Always provide full context in each agent's prompt (design doc path, relevant code files, constraints). Launch independent agents in parallel where the pipeline allows it (e.g., Phase 3 agents can run simultaneously).

Pipeline

Phase 1: Design

Delegate to game-designer:

  • Create or update the design document in design/gdd/ covering: mechanic overview, player fantasy, detailed rules, formulas with variable definitions, edge cases, dependencies, tuning knobs with safe ranges, and acceptance criteria
  • Output: completed design document

Phase 2: Architecture

Delegate to gameplay-programmer (with ai-programmer if AI is involved):

  • Review the design document
  • Design the code architecture: class structure, interfaces, data flow
  • Identify integration points with existing systems
  • Output: architecture sketch with file list and interface definitions

Then spawn the primary engine specialist to validate the proposed architecture:

  • Is the class/node/component structure idiomatic for the pinned engine? (e.g., Godot node hierarchy, Unity MonoBehaviour vs DOTS, Unreal Actor/Component design)
  • Are there engine-native systems that should be used instead of custom implementations?
  • Any proposed APIs that are deprecated or changed in the pinned engine version?
  • Output: engine architecture notes — incorporate into the architecture before Phase 3 begins

Phase 3: Implementation (parallel where possible)

Delegate in parallel:

  • gameplay-programmer: Implement core combat mechanic code
  • ai-programmer: Implement AI behaviors (if the feature involves NPC reactions)
  • technical-artist: Create VFX and shader effects
  • sound-designer: Define audio event list and mixing notes

Phase 4: Integration

  • Wire together gameplay code, AI, VFX, and audio
  • Ensure all tuning knobs are exposed and data-driven
  • Verify the feature works with existing combat systems

Phase 5: Validation

Delegate to qa-tester:

  • Write test cases from the acceptance criteria
  • Test all edge cases documented in the design
  • Verify performance impact is within budget
  • File bug reports for any issues found

Phase 6: Sign-off

  • Collect results from all team members
  • Report feature status: COMPLETE / NEEDS WORK / BLOCKED
  • List any outstanding issues and their assigned owners

Error Recovery Protocol

If any spawned agent (as a subagent) returns BLOCKED, errors, or cannot complete:

  1. Surface immediately: Report "[AgentName]: BLOCKED — [reason]" to the user before continuing to dependent phases
  2. Assess dependencies: Check whether the blocked agent's output is required by subsequent phases. If yes, do not proceed past that dependency point without user input.
  3. Offer options via a concise plain-text choice list with choices:
    • Skip this agent and note the gap in the final report
    • Retry with narrower scope
    • Stop here and resolve the blocker first
  4. Always produce a partial report — output whatever was completed. Never discard work because one agent blocked.

Common blockers:

  • Input file missing (story not found, GDD absent) → redirect to the skill that creates it
  • ADR status is Proposed → do not implement; run $architecture-decision first
  • Scope too large → split into two stories via $create-stories
  • Conflicting instructions between ADR and story → surface the conflict, do not guess

File Write Protocol

All file writes (design documents, implementation files, test cases) are delegated to sub-agents spawned as a subagent. Each sub-agent enforces the "May I write to [path]?" protocol. This orchestrator does not write files directly.

Output

A summary report covering: design completion status, implementation status per team member, test results, and any open issues.

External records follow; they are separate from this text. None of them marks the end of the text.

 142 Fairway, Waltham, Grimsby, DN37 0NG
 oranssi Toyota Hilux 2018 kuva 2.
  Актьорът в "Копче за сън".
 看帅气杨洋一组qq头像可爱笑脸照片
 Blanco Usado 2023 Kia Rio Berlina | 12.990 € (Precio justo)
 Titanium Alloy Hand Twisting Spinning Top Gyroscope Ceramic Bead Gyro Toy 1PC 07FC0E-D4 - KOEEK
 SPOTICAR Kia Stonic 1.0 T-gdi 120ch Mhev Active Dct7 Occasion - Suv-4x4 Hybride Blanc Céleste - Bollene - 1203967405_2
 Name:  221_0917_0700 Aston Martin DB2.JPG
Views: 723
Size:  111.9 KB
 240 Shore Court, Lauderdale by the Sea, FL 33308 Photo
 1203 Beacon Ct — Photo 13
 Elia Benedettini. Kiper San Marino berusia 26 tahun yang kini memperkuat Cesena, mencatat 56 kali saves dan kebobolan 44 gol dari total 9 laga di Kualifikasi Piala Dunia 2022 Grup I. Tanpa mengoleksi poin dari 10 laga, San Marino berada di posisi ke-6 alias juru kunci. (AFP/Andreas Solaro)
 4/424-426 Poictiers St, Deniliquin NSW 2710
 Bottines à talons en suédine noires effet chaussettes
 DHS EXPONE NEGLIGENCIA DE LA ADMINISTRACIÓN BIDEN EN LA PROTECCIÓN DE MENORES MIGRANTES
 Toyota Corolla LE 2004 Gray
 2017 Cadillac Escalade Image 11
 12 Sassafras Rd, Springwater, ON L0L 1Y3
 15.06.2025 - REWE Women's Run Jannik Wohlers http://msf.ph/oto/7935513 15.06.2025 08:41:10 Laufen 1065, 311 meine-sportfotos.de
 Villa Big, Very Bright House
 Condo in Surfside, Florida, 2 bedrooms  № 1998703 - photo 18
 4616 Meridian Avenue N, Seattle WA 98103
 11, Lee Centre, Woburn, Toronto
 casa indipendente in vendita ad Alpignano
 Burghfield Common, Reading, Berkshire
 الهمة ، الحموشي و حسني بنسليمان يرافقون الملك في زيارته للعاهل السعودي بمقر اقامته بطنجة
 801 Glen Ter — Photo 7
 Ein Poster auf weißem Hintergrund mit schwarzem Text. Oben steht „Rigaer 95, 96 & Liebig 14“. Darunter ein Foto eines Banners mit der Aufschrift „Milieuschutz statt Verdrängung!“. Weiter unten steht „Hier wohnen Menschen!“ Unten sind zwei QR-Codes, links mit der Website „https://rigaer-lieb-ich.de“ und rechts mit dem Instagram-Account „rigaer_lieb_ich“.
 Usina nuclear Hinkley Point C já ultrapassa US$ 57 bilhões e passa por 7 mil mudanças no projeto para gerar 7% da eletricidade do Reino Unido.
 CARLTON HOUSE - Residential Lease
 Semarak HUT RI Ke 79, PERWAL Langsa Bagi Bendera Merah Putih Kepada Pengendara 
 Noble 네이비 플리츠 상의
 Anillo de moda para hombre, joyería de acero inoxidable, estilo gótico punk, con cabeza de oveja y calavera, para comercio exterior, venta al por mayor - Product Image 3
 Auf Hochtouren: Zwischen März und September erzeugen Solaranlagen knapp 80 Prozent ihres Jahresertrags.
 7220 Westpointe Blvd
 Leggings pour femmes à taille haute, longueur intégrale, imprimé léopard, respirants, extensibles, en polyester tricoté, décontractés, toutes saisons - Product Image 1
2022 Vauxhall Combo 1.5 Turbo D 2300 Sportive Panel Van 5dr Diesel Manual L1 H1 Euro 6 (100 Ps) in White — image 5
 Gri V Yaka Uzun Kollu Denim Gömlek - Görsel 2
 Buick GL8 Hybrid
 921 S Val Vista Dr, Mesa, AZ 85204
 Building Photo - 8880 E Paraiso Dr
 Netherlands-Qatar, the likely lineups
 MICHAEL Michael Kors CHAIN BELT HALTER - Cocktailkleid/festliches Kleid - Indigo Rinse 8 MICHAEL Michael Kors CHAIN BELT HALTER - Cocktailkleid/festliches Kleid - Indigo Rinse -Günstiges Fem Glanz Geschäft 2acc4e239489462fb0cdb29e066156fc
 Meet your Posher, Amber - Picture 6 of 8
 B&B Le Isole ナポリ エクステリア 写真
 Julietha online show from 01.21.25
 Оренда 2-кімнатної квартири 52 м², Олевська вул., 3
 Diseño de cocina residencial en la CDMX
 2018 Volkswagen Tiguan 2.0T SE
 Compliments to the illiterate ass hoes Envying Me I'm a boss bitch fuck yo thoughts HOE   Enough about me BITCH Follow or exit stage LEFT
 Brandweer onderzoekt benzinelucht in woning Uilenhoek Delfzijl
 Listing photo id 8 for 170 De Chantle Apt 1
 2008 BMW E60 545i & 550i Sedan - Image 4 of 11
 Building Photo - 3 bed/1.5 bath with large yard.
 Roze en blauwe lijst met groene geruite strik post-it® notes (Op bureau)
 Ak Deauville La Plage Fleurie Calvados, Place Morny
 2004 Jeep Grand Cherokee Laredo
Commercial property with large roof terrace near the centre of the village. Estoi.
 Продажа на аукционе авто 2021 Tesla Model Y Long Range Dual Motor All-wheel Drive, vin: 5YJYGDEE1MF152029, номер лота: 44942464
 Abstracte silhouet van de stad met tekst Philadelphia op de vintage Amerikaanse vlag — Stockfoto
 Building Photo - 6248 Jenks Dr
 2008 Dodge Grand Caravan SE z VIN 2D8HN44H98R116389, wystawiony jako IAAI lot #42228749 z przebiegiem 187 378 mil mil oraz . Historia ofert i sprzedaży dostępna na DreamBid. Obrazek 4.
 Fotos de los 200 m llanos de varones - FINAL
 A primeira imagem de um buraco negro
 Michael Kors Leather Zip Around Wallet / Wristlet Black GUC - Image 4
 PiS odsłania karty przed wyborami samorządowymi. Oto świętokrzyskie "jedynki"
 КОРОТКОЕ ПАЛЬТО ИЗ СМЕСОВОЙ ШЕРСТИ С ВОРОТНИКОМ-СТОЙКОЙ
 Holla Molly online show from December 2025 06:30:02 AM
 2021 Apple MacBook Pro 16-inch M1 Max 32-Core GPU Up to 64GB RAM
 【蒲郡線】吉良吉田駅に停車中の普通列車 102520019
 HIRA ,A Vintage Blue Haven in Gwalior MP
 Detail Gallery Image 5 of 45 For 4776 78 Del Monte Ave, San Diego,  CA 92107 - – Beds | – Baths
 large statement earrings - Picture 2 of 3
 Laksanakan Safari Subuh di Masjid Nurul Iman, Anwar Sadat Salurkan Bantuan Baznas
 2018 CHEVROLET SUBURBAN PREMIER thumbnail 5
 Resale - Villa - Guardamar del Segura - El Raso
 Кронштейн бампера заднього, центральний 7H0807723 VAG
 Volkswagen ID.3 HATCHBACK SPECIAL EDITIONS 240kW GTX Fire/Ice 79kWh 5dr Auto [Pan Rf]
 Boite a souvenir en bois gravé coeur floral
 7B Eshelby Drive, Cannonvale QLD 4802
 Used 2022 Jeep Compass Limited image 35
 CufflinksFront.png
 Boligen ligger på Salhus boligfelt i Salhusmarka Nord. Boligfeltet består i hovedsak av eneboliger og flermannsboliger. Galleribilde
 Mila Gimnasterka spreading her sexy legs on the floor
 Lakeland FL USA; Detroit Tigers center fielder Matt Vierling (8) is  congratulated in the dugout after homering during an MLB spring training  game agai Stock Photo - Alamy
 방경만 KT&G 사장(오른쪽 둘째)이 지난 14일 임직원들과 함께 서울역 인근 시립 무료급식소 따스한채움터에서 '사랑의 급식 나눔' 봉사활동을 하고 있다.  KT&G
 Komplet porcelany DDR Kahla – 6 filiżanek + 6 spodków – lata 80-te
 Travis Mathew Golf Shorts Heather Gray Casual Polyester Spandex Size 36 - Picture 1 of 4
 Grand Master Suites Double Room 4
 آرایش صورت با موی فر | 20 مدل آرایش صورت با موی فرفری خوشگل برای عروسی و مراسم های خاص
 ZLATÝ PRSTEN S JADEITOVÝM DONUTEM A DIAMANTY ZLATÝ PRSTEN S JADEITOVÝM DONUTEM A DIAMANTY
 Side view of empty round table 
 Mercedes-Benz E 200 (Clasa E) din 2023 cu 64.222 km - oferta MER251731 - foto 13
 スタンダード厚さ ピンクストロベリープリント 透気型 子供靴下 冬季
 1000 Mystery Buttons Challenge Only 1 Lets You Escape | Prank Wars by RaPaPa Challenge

Verdict: COMPLETE — combat feature designed, implemented, and validated. Verdict: BLOCKED — one or more phases could not complete; partial report produced with unresolved items listed.

Next Steps

  • Run $code-review on the implemented combat code before closing stories.
  • Run $balance-check to validate combat formulas and tuning values.
  • Run $team-polish if VFX, audio, or performance polish is needed.